Input for this task —

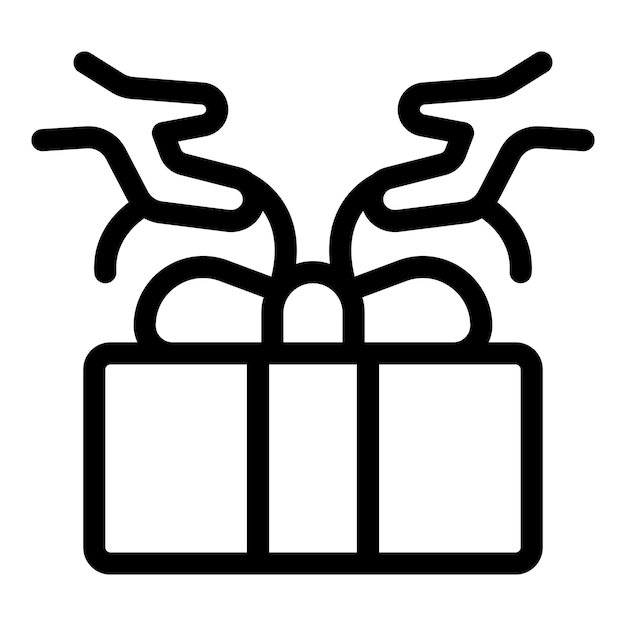 Caja de regalo con cinta haciendo un arco en la parte superior del icono del contorno del vector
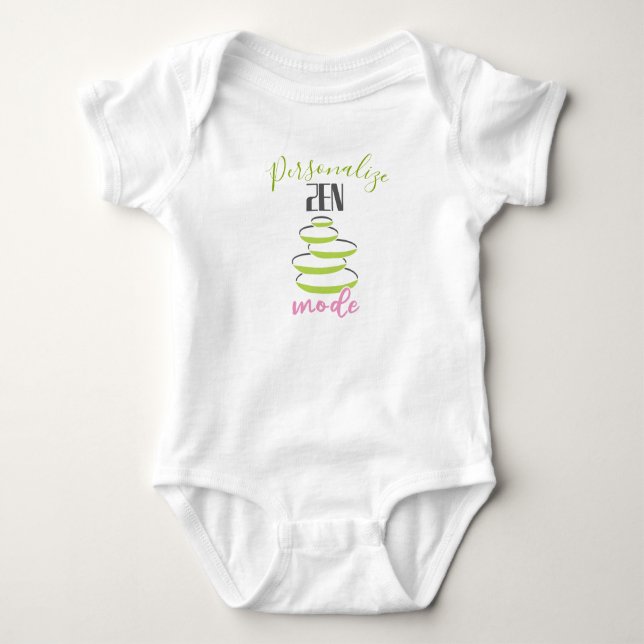 Zen-Modus Yoga Meditation Grüne Balance Steine Baby Strampler (Vorderseite)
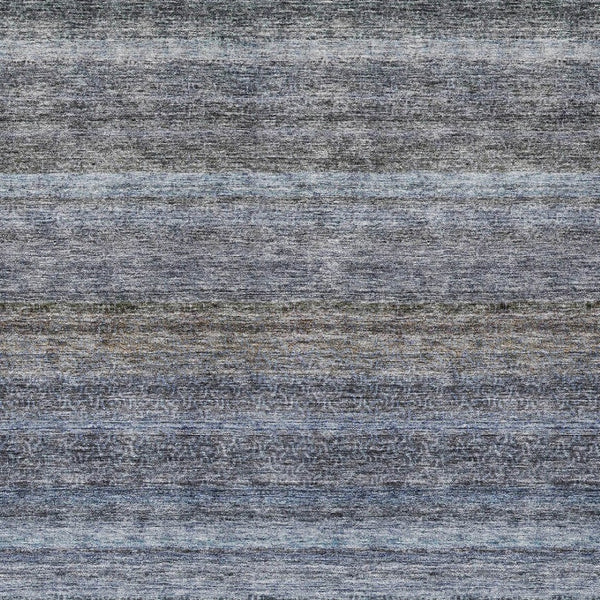 Homeroots 3' Artichoke Green And Gray Striped Washable Area Rug - Durable, Stylish For Indoor And Outdoor Use 5' X 8' Polyester 605633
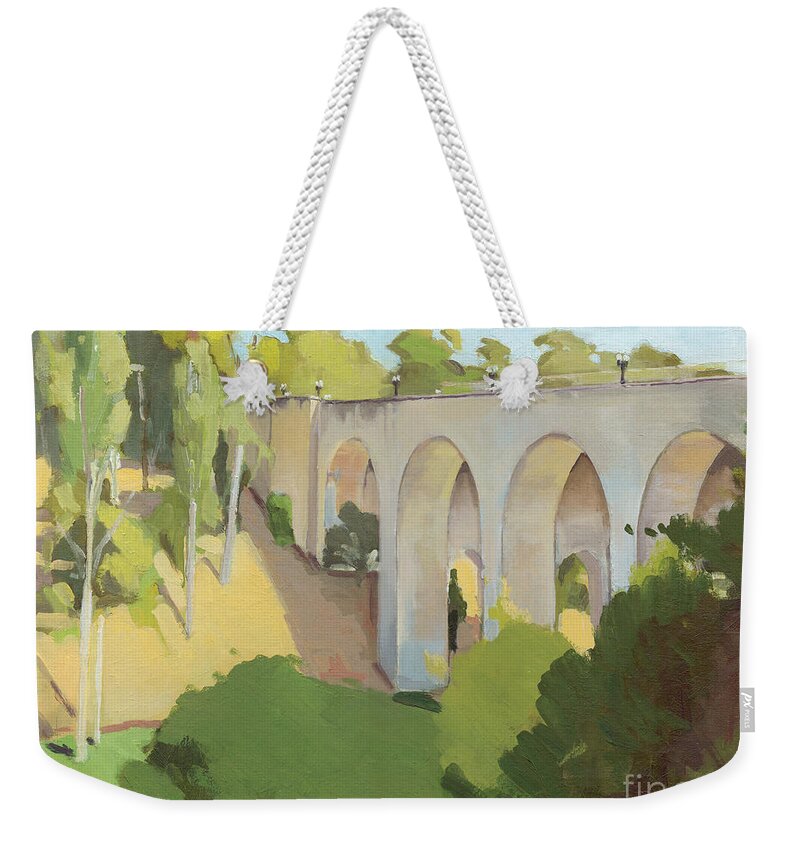 Cabrillo Bridge Weekender Tote Bag featuring the painting Cabrillo Bridge Balboa Park San Diego California by Paul Strahm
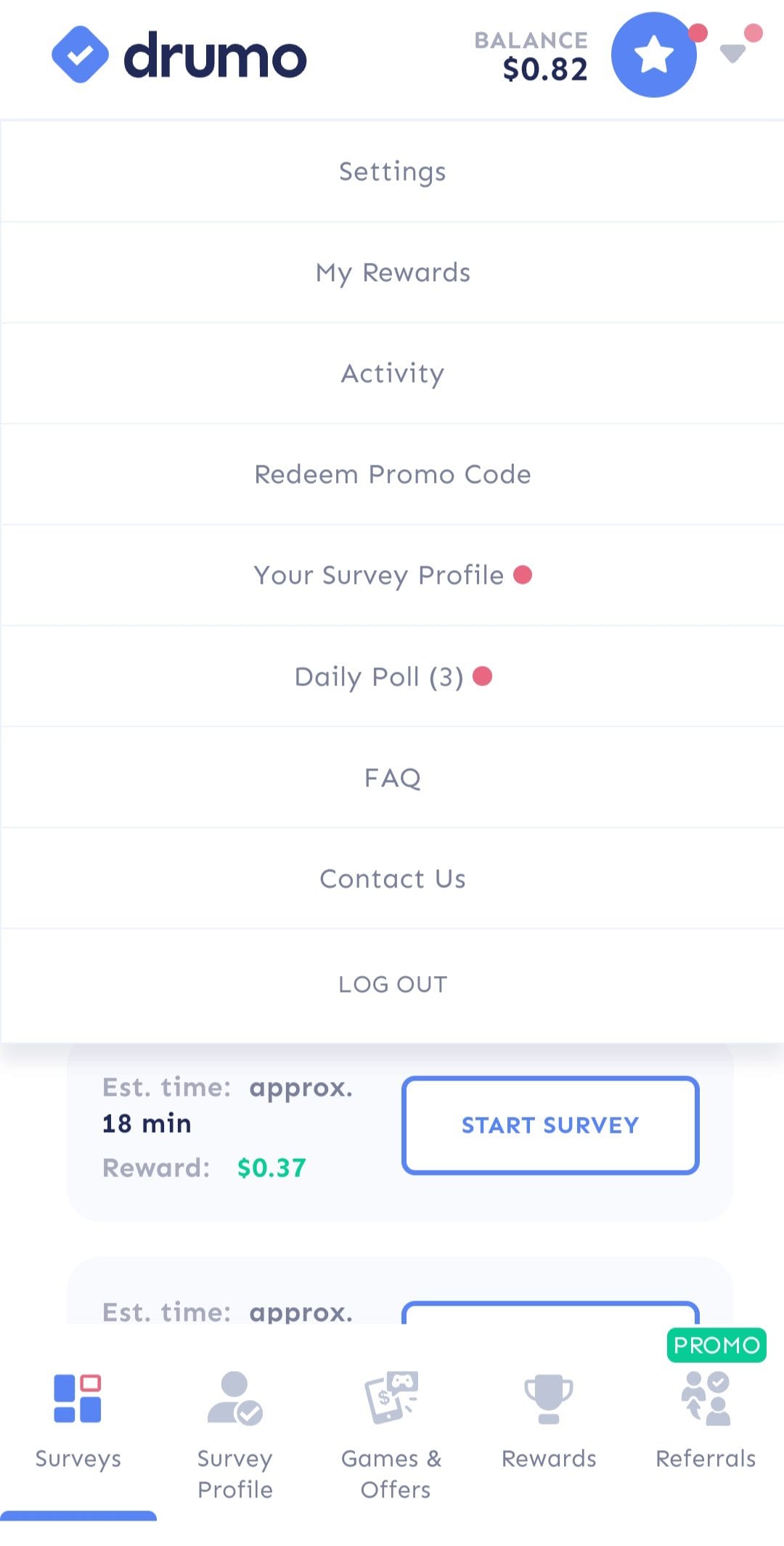 Drumo profile menu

Problem to work on —
What's needed is every line above, retyped exactly and free of pictures.

Answer section —
 Caja de regalo con cinta haciendo un arco en la parte superior del icono del contorno del vector
 Zen-Modus Yoga Meditation Grüne Balance Steine Baby Strampler (Vorderseite)
 Homeroots 3' Artichoke Green And Gray Striped Washable Area Rug - Durable, Stylish For Indoor And Outdoor Use 5' X 8' Polyester 605633
 Cabrillo Bridge Weekender Tote Bag featuring the painting Cabrillo Bridge Balboa Park San Diego California by Paul Strahm
 Drumo profile menu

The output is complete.